This requires $O(n^3)$ computation for the matrix inverse, which is feasible for small MDPs but intractable for large ones ( $n = 10^6$ states would require $10^{18}$ operations).

The Bellman Operator

Define the Bellman operator $T^\pi$ for policy evaluation:

$(T^\pi V)(s) = \sum_a \pi(a \mid s) \left[ R(s, a) + \gamma \sum_{s'} P(s' \mid s, a) V(s') \right]$

And the Bellman optimality operator $T^*$ :

$(T^* V)(s) = \max_a \left[ R(s, a) + \gamma \sum_{s'} P(s' \mid s, a) V(s') \right]$

Both operators are $\gamma$ -contractions in the $\ell_\infty$ norm:

$\| T^\pi V - T^\pi V' \|_\infty \leq \gamma \| V - V' \|_\infty$

By the Banach fixed-point theorem, each operator has a unique fixed point, and repeated application converges to it. This is the theoretical foundation for:

Policy evaluation (iterative application of $T^\pi$ ) converging to $V^\pi$ .
Value iteration (iterative application of $T^*$ ) converging to $V^*$ .

Algorithms Built on Bellman Equations

Algorithm	Bellman Equation Used	Approach
Policy Evaluation	$V^\pi$ expectation	Iterative $T^\pi$
Value Iteration	$V^*$ optimality	Iterative $T^*$
Q-Learning	$Q^*$ optimality	Sample-based $T^*$
SARSA	$Q^\pi$ expectation	Sample-based $T^\pi$
TD(0)	$V^\pi$ expectation	Sample-based $T^\pi$

Why It Matters

The Bellman equations transform the RL problem from “evaluate an infinite sum of future rewards” to “solve a system of equations relating neighboring states.” This recursive structure enables:

Dynamic programming algorithms that solve MDPs exactly when the model is known.
Temporal-difference learning that bootstraps (estimates values from other estimates), enabling online, incremental learning.
Convergence guarantees through the contraction mapping property.

Without Bellman equations, RL would require evaluating complete trajectories for every value estimate – the Bellman decomposition makes tractable learning possible.

Key Technical Details

Value iteration converges at rate $O(\gamma^k)$ : after $k$ iterations, $\|V_k - V^*\|_\infty \leq \gamma^k \|V_0 - V^*\|_\infty$ . For $\gamma = 0.99$ , reaching $\epsilon$ -accuracy requires $k \approx \frac{\log(1/\epsilon)}{1 - \gamma} \approx 100 \log(1/\epsilon)$ iterations.
Policy iteration alternates between solving $V^\pi$ (policy evaluation) and updating $\pi$ greedily (policy improvement).

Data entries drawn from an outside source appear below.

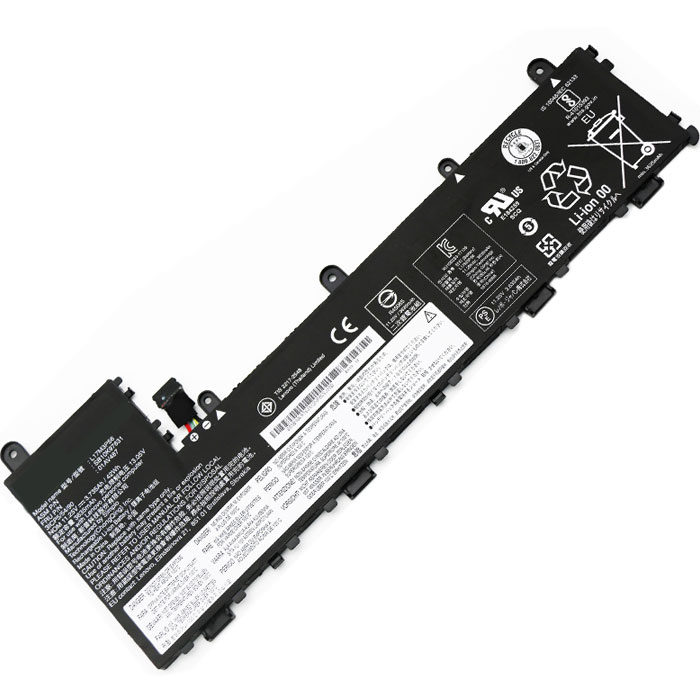 verenigbaar voor LENOVO L17M3P56 Laptop Accu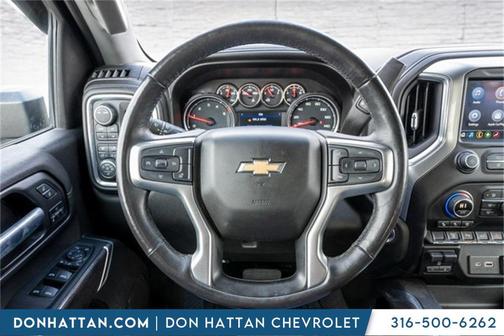 2020 Chevrolet Silverado 2500 LTZ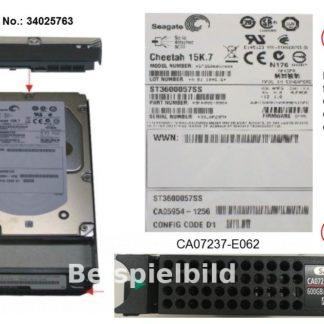 HDD 600GB SAS 15KRPM (X15.7)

It converges in at most $|\mathcal{A}|^{|\mathcal{S}|}$ iterations (the number of deterministic policies), but in practice converges much faster.
The deadly triad: Combining bootstrapping (Bellman equations), function approximation, and off-policy learning can cause divergence. This fundamental tension motivates algorithms like fitted Q-iteration, gradient TD, and emphatic TD.
Q-learning’s update rule is a stochastic approximation to the Bellman optimality equation: $Q(s,a) \leftarrow Q(s,a) + \alpha[r + \gamma \max_{a'} Q(s',a') - Q(s,a)]$ .

Common Misconceptions

“The Bellman equation is an update rule.” The Bellman equation is an identity – a condition that the true value function must satisfy. Algorithms like TD learning and value iteration use update rules inspired by the Bellman equation, but the equation itself is a mathematical relationship, not a procedure.

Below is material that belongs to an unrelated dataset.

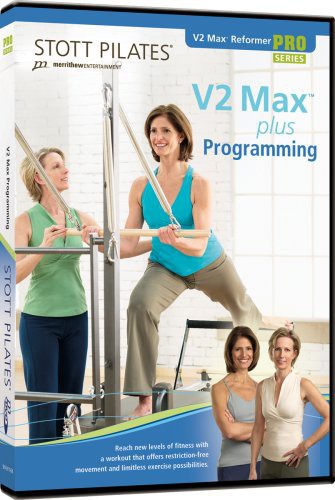 Stott Pilates: Max Plus Programming 2 (2007)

“You need the transition model to use Bellman equations.” Model-free methods (TD, Q-learning, SARSA) use sample-based Bellman updates, replacing the expectation over transitions with single observed transitions. The model is not required.

“Bellman optimality equations can be solved directly.” The $\max$ operator makes them nonlinear. Unlike the expectation equations, there is no closed-form solution. They must be solved iteratively (value iteration) or via linear programming.

Connections to Other Concepts

Value Functions – Bellman equations define the recursive structure of value functions.
Return And Discount Factor – The recursive decomposition $G_t = R_{t+1} + \gamma G_{t+1}$ is the starting point.
Policies – The expectation equations depend on $\pi$ ; the optimality equations define $\pi^*$ .
Markov Decision Processes – Bellman equations exploit the Markov property.
Exploration Vs Exploitation – Q-learning (based on Bellman optimality) is combined with exploration strategies.